* _WHAT NEEDS TO BE DONE_: Where the line containing "Titanium Metallic /" appears, end the copy there, keeping that line; start from the first line of the entries, copy exactly, and omit pictures.

* _RECORDS FOR THIS TASK_:
┄┄┄┄┄┄┄┄┄┄

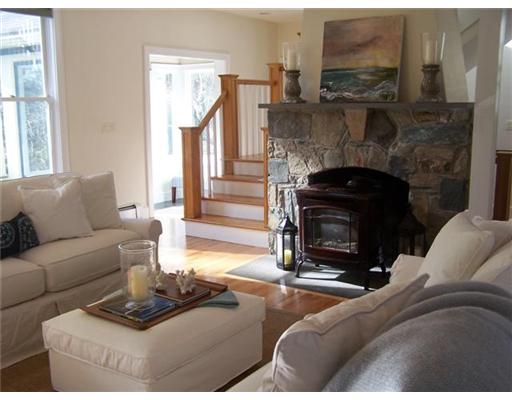 80 Old Beach Road Newport, RI 02840 - Photo 3 of 20 Living Room.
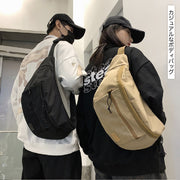 ボディバッグ ショルダーバッグ 男女兼用 メンズ レディース 大容量 斜めがけ 肩掛け ファスナー ジッパー ポケット ロゴ カジュアル シンプル スポーティー お洒落 お出かけ 普段使い ユニセックス 男性 女性 カーキ ブラック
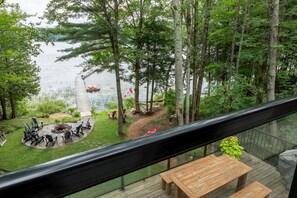 Outdoor dining - Adorable 3Bed, 2Bath Cottage and Garage Lounge! Grassy Lawns! Kayaks! (Rosseau)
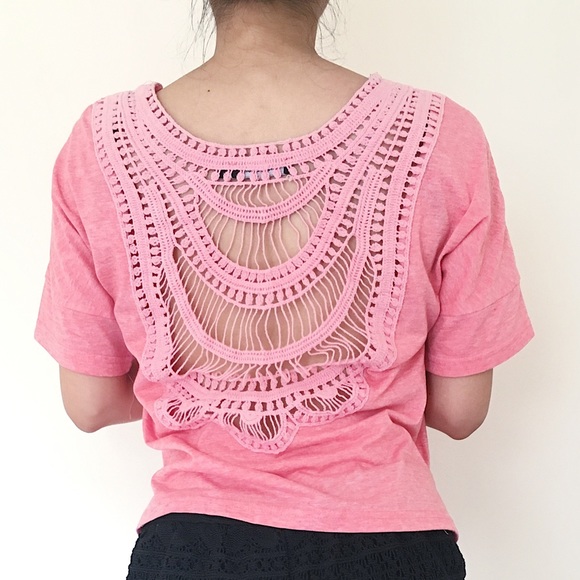 Pink Tee with Back Crochet Details - Picture 4 of 8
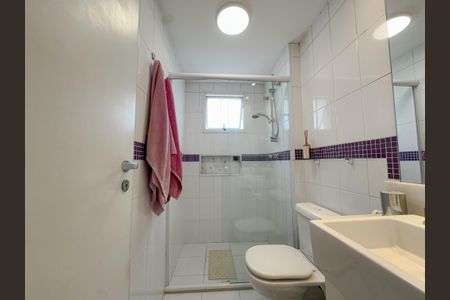 Apartamento para alugar com 103m², 2 quartos e 2 vagas Apartamento para alugar com 103m², 2 quartos e 2 vagasBanheiro Social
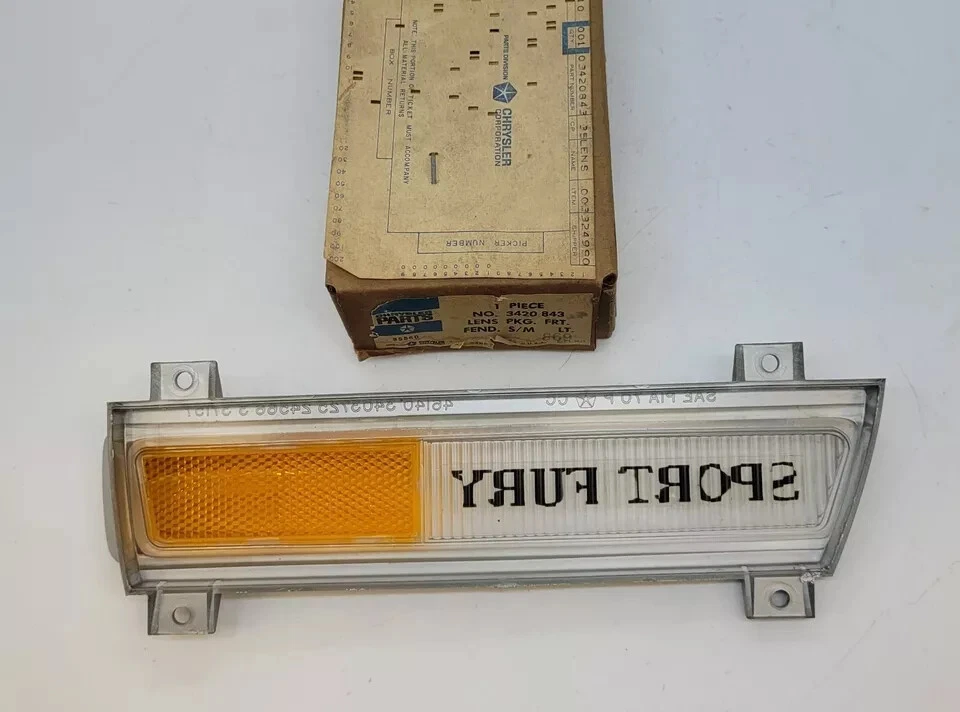 Lente de luz de señalización delantera izquierda Plymouth Sport Fury 1970 NOS 3420843. Foto 4 de 4
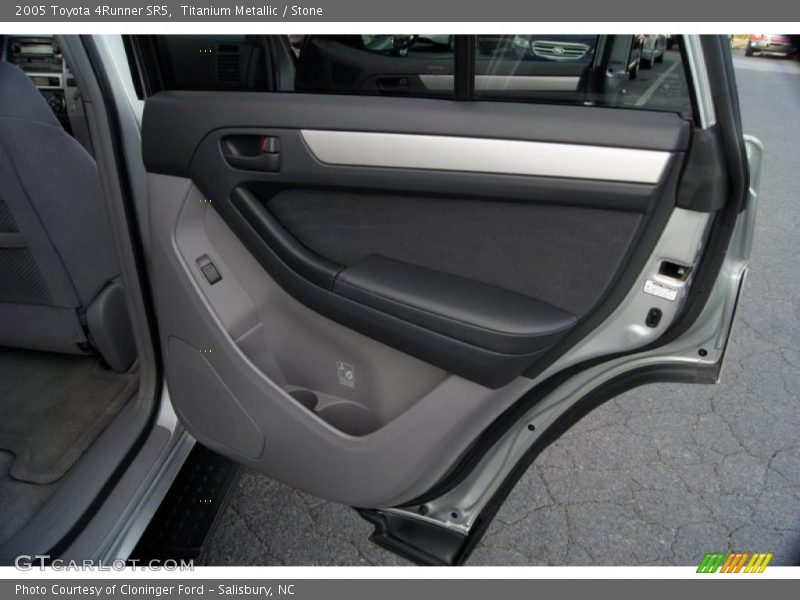 Titanium Metallic / Stone 2005 Toyota 4Runner SR5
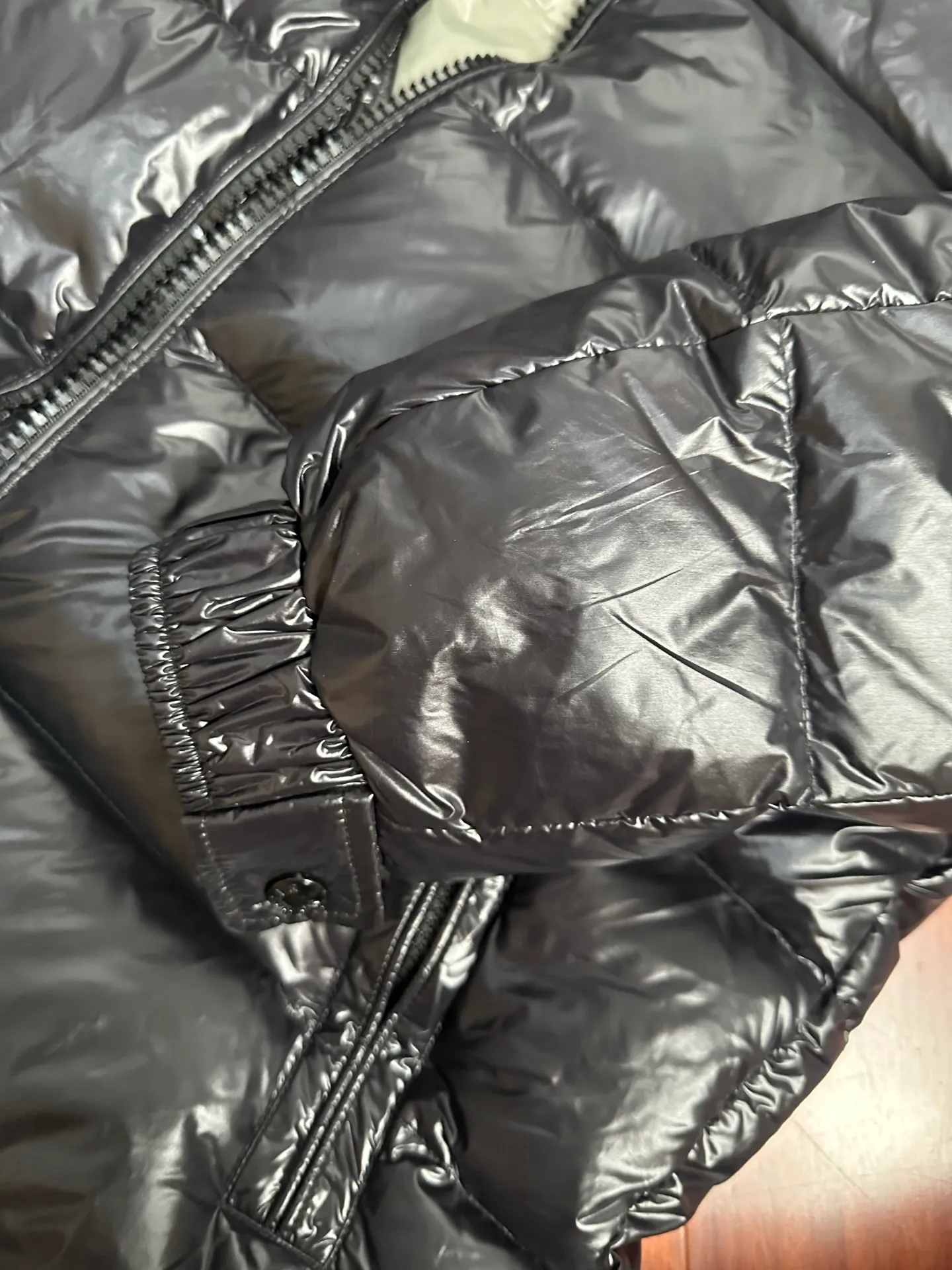 P760 Moncler/Maya classic down jacket, glossy black with super texture, warm and fashionable, easy to cope with the cold winter, a must-have for fashionistas ~ excellent thermal insulation effect, three-proof nylon material, windproof and waterproof, soft and comfortable, ykk two-way zipper, durable and smooth, three-layer gallbladder anti-drilling velvet! Color: Glossy Black Sizes: 1, 2, 3, 4, 5
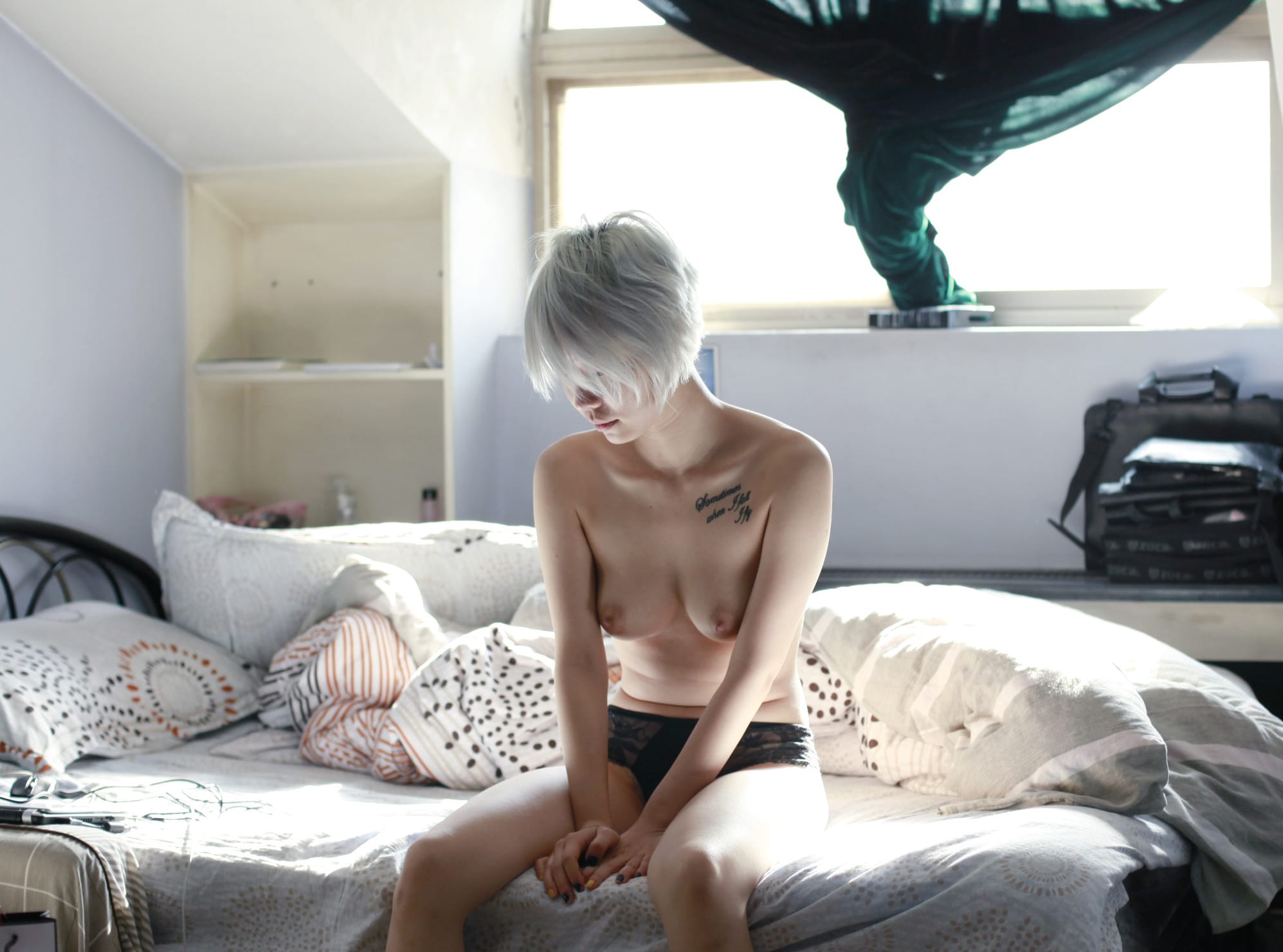 Girls - Image 3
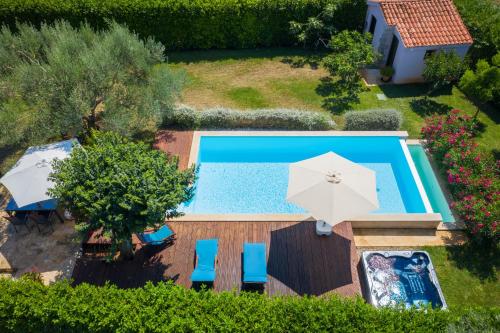 Rustic Villa Casa Rossa with jacuzzi in Porec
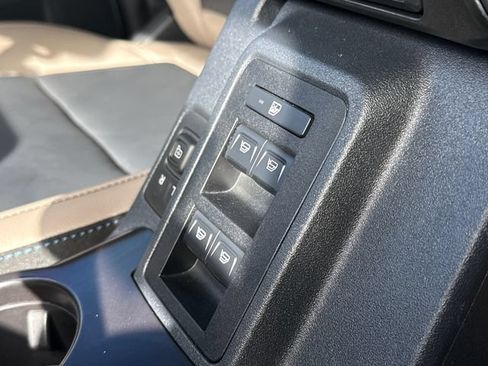 Used 2024 Ford Bronco Wildtrak AWD/4WD image 28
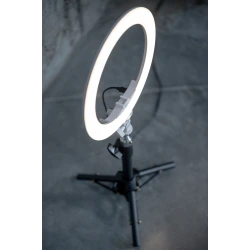 Lampa pierścieniowa LED Newell RL-10A Arctic White + statyw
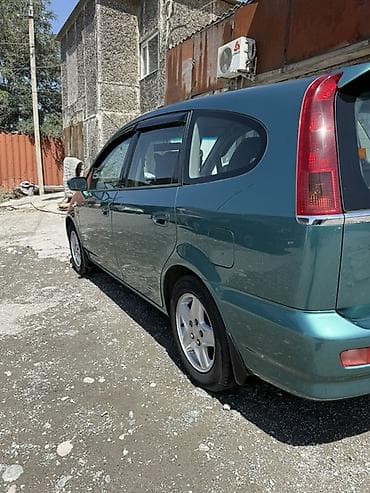 mini v: Honda Stream: 2001 г., 1.7 л, Механика, Бензин, Минивэн — 2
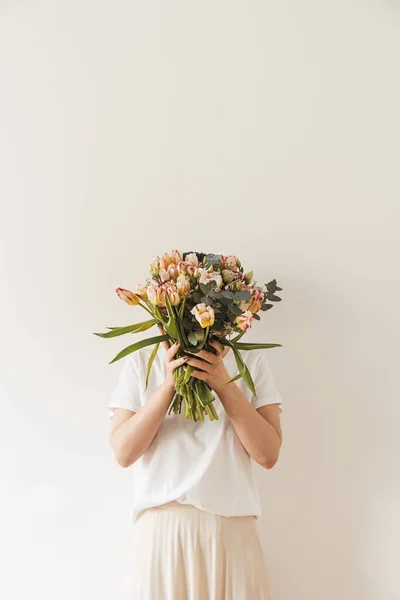 Hermosa Chica Bodega Las Manos Ramo Flores Contra Pared Blanca — Foto de Stock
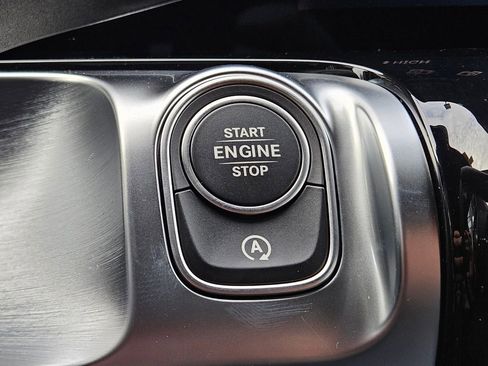 New 2026 Mercedes-Benz GLB 250 4MATIC image 22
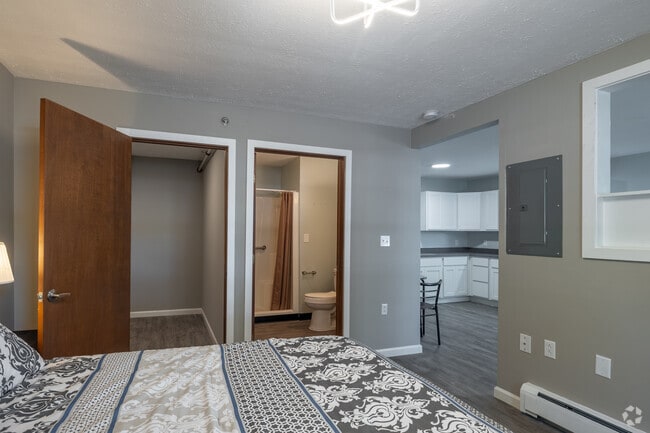 1BR, 1BA - 489SF - Bedroom - Evergreen Park of Stow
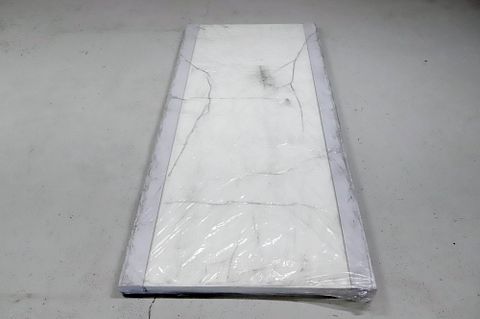 Image 4/6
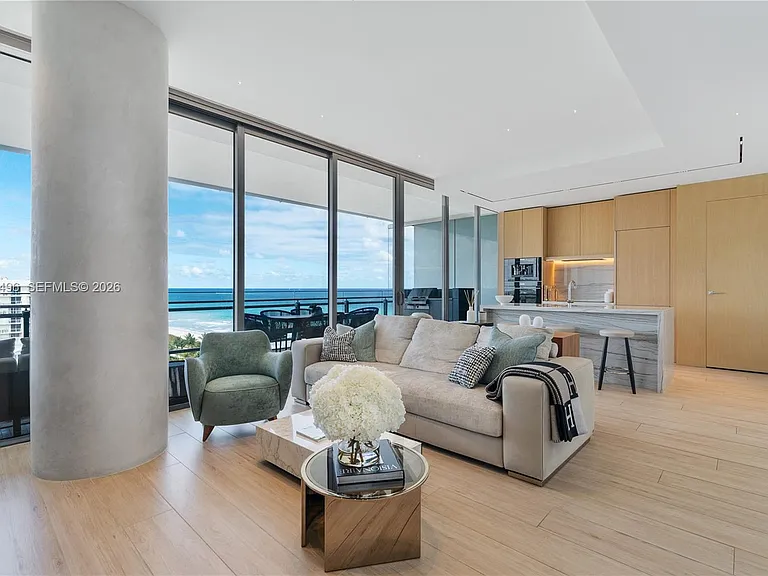 8701 Collins Ave #1103 — Photo 4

┄┄┄┄┄┄┄┄┄┄

* _FINAL ANSWER_:
 80 Old Beach Road Newport, RI 02840 - Photo 3 of 20 Living Room.
 ボディバッグ ショルダーバッグ 男女兼用 メンズ レディース 大容量 斜めがけ 肩掛け ファスナー ジッパー ポケット ロゴ カジュアル シンプル スポーティー お洒落 お出かけ 普段使い ユニセックス 男性 女性 カーキ ブラック
 Outdoor dining - Adorable 3Bed, 2Bath Cottage and Garage Lounge! Grassy Lawns! Kayaks! (Rosseau)
 Pink Tee with Back Crochet Details - Picture 4 of 8
 Apartamento para alugar com 103m², 2 quartos e 2 vagas Apartamento para alugar com 103m², 2 quartos e 2 vagasBanheiro Social
 Lente de luz de señalización delantera izquierda Plymouth Sport Fury 1970 NOS 3420843. Foto 4 de 4
 Titanium Metallic / Stone 2005 Toyota 4Runner SR5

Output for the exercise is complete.